Hunger-striking prisoners in California have announced that they have resumed eating after two months without food. Family members and supporters of the prisoners gathered outside the State Building in downtown Oakland this morning to announce the end of the protest. Their decision comes just days after state legislators agreed to hold public hearings on long-term solitary confinement, the main issue prisoners want to see addressed.
Sixteen hunger strikers in Pelican Bay State Prison issued a statement suspending the strike. In it, they said that the strike had “gained a lot of positive ground towards achieving our goals” but acknowledged there was “still much to be done.” They said that the decision to suspend the strike had been “especially difficult considering that most of our demands have not been met” but they had been urged to accept food by family members, and supporters. “Our resistance will continue to build and grow until we have won our human rights.”
Advocates said that the call for legislative hearings by the chairs of both the Senate and Assembly committees overseeing prison policy had played a key role in the decision to suspend the strike.
“It was really important,” says Barbara Becnel, a member of an outside team of supporters trying to negotiate with corrections officials. “There’s reason to believe that there is change in the making — however, we are not naive enough to believe that that change will come if we go back and do nothing.”

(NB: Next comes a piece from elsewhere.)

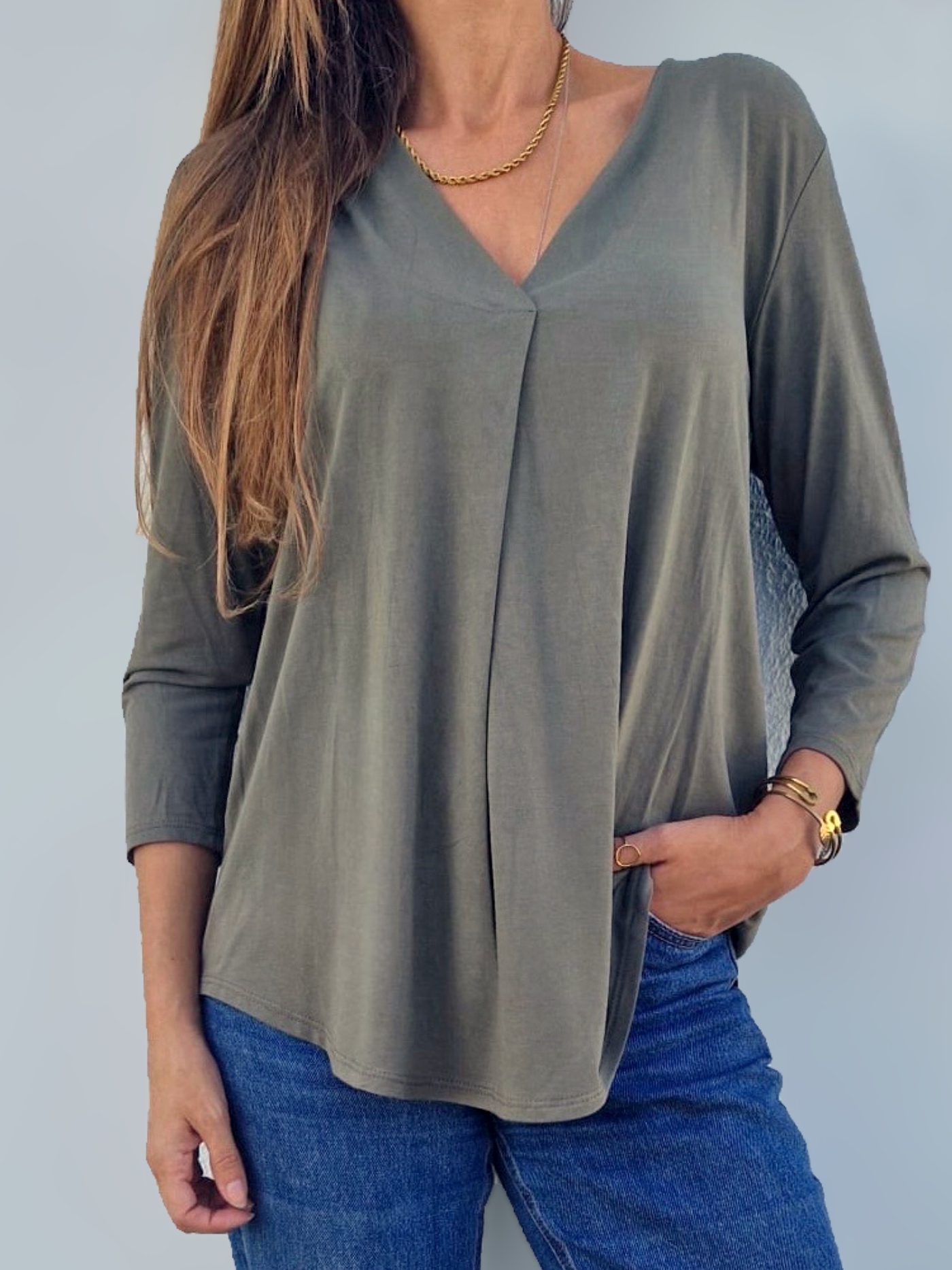 Blusa feminina verde-oliva de manga comprida e decote em V com jeans azul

Last week, Assembly Member Tom Ammiano and state Sen. Loni Hancock called for public hearings “about both the immediate conditions of confinement and the use of long term solitary confinement as a prison management strategy.” Hancock expects hearings to take place in the fall. Afterwards, legislators will “put together a packet of legislation based on what we have learned,” she says. Hancock adds that she is “very relieved and grateful” that prisoners have resumed eating.
Officials say the last hundred hunger strikers had resumed eating on Wednesday evening, the 59th day of their protest. “We are pleased this dangerous strike has been called off before any inmates became seriously ill,” said Corrections Secretary Jeffrey Beard in a statement. Beard’s department maintains that the hunger strike was organized by prison gangs, a view Assembly Member Ammiano criticized as “simplistic.”

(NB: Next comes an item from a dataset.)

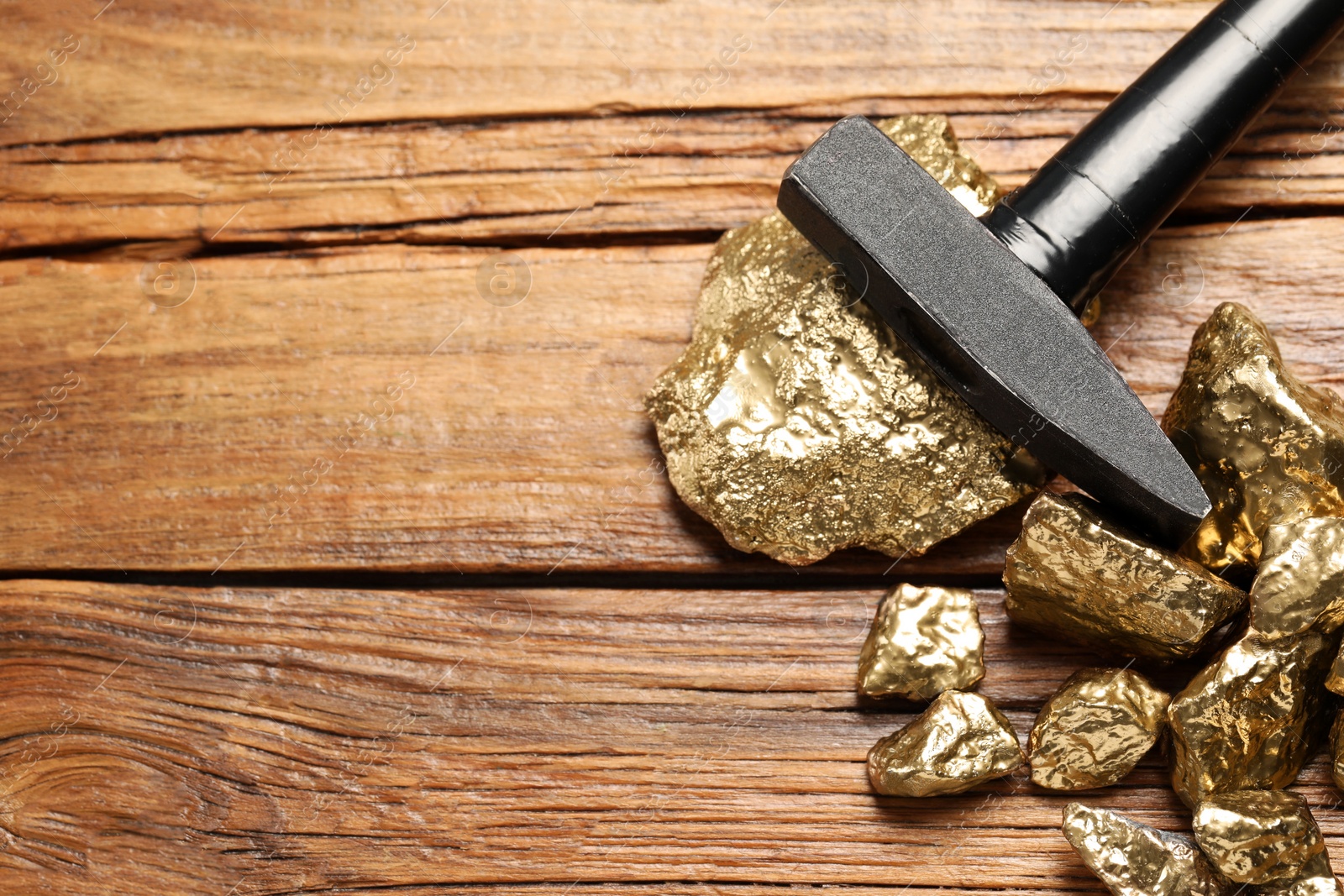 Photo of Pile of gold nuggets and hammer on wooden table, flat lay. Space for text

Even though the prisoners have accepted food, Becnel says they still face a “slow death” in solitary without legislative action. While Sen. Hancock says she was “never confident of anything in Sacramento,” she is optimistic that other legislators would support changes. Hunger strikers said they had asked the Caligornia governor’s office to negotiate with them directly, but without success. “There was no response,” confirms Hancock, but she added later that she believes Gov. Jerry Brown is “open to many approaches to improving our prison system.”
Ammiano agreed, and insisted the “door was open” to working with Gov. Brown and corrections officials. While the hearings themselves “are not a panacea,” Ammiano says, “they can shed a lot of light on what is happening and why, and how we can improve it.” Similar hearings were held after the first hunger strike in 2011, but Ammiano is hopeful that new hearings will “keep people’s feet to the fire.”
Dana Simas, a spokesperson for the California Department of Corrections and Rehabilitation, said her department would “open its doors” to legislators. “We welcome them to come take a look for themselves at the conditions in our security housing units” which she insists balanced prison security needs with the needs of prisoners.
This was the third hunger strike by California prisoners in two years, and the longest. Prisoner advocates say that many participants have done irreversible damage to their health. Previous strikes ended after assurances by the Department of Corrections that they would reform a system that sees thousands of people locked up in isolation in Security Housing Units, sometimes for decades.
At today’s rally outside the State Building in Oakland, Melissa Guillen, the daughter of one of the main representatives of the hunger strikers, said the prisoners’ protest had exposed “dirty little secrets” about California’s prison system. Guillen told the crowd that just because the hunger-strike had ended “does not mean the fight to end solitary confinement and the fight for the five core demands to be met is over.”
Along with the hearings in the legislature, prisoners are continuing to pursue a federal-class action lawsuit, challenging the use of long-term solitary confinement. Speaking on behalf of other family members with loved ones inside, she continued, “We will be their voices, we will make sure they are heard, we will continue to put pressure on Governor Brown and the CDCR to make permanent changes in the way inmates are being treated.”